ムギワラギク(読み)むぎわらぎく(英語表記)straw flower

日本大百科全書(ニッポニカ) 「ムギワラギク」の意味・わかりやすい解説

ムギワラギク
むぎわらぎく / 麦藁菊
straw flower
[学] Helichrysum bracteatum Willd.

キク科(APG分類:キク科)の不耐寒性多年草であるが、通常一年草または越年草として取り扱う。園芸上は属名のヘリクリサムの名でよばれることが多い。また、俗にカイザイクということがあるが、真正のカイザイクは、同じくキク科の別種Ammobium alatum R.Br.である。茎は堅くて直立し、高さ60~80センチメートル、下部から分枝する。葉は互生し、披針(ひしん)形。茎頂に径3~5センチメートルで光沢のある麦藁(むぎわら)細工のような頭状花を開く。総包片は黄、白、赤茶、橙黄(とうこう)、桃色などがあり、中心の小さな管状花は黄色である。オーストラリア原産。花壇、切り花、ドライ・フラワーとして多く利用される。
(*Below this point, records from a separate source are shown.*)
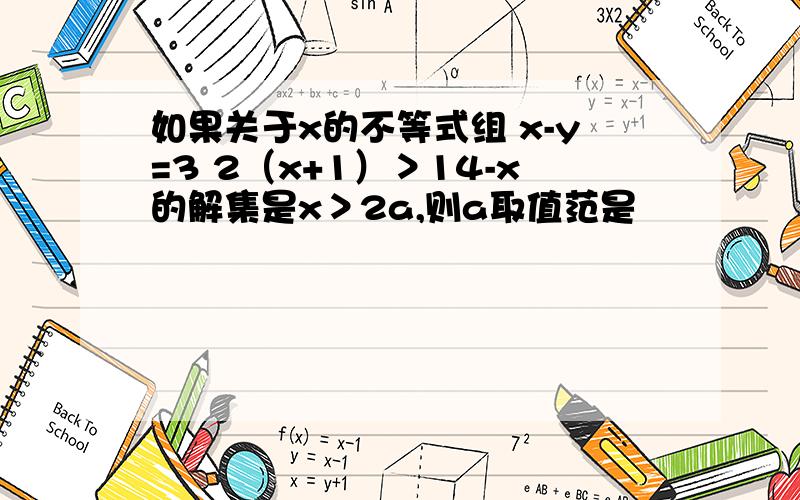 如果关于x的不等式组 x-y=3 2（x+1）＞14-x的解集是x＞2a,则a取值范是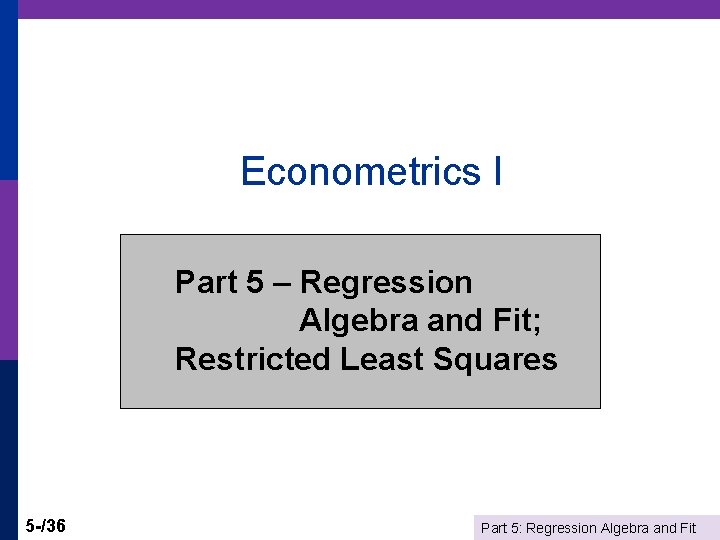 Econometrics I Part 5 – Regression Algebra and Fit; Restricted Least Squares 5 -/36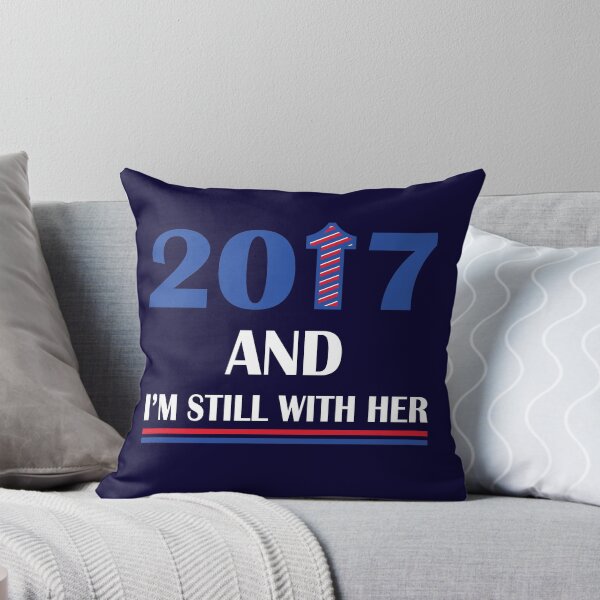 Item preview, Still With Her 2017 Hillary T-Shirt designed and sold by TimeForTShirt.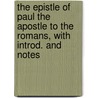 the Epistle of Paul the Apostle to the Romans, with Introd. and Notes door Moule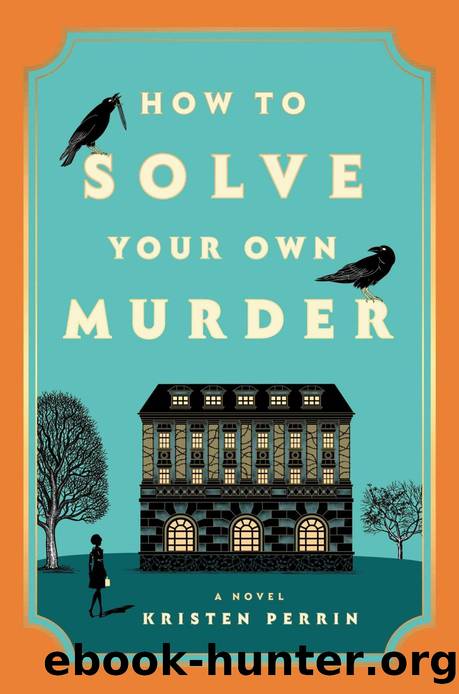 How to Solve Your Own Murder: A Novel by Kristen Perrin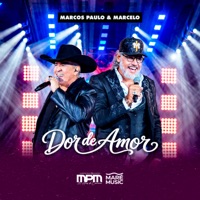 Dor de Amor (Ao Vivo) - Single - Marcos Paulo & Marcelo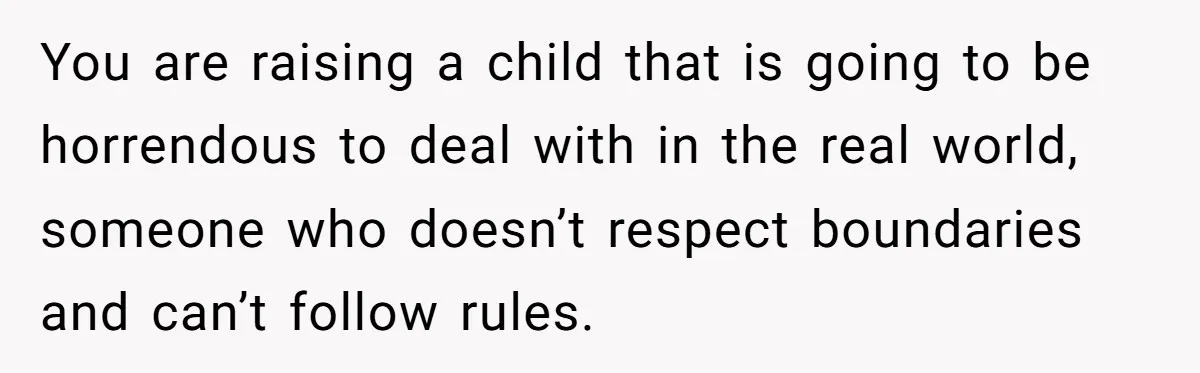You are raising a child that is going to be horrendous to deal with in the real world, someone who doesn’t respect boundaries and can’t follow rules.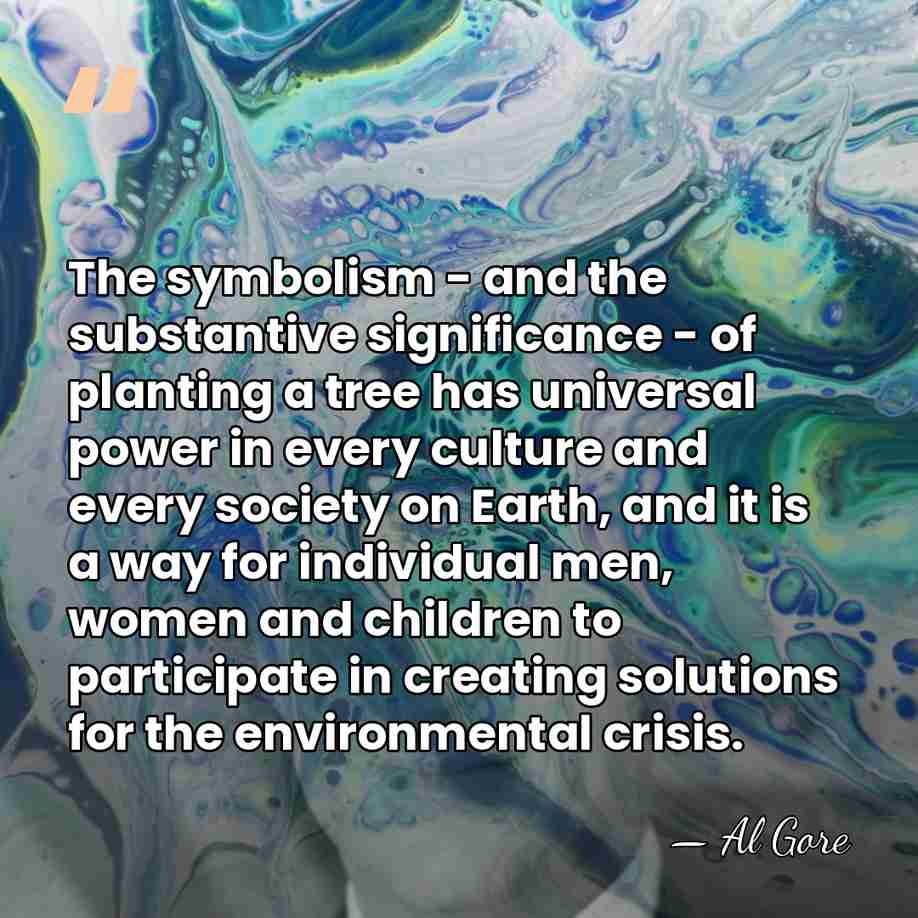 The symbolism - and the substantive significance - of planting a tree&hellip; - Al Gore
 ヘリクリサム属は約500種あり、薬効のある種もある。繁殖は実生(みしょう)により、3~4月に播種(はしゅ)し、4~10月に開花する。日当り排水のよい場所を好む。ドライ・フラワーにするときは、満開にならないうちに刈り取り、日陰逆さにつるしておく。

[籾山秀之 2022年4月19日]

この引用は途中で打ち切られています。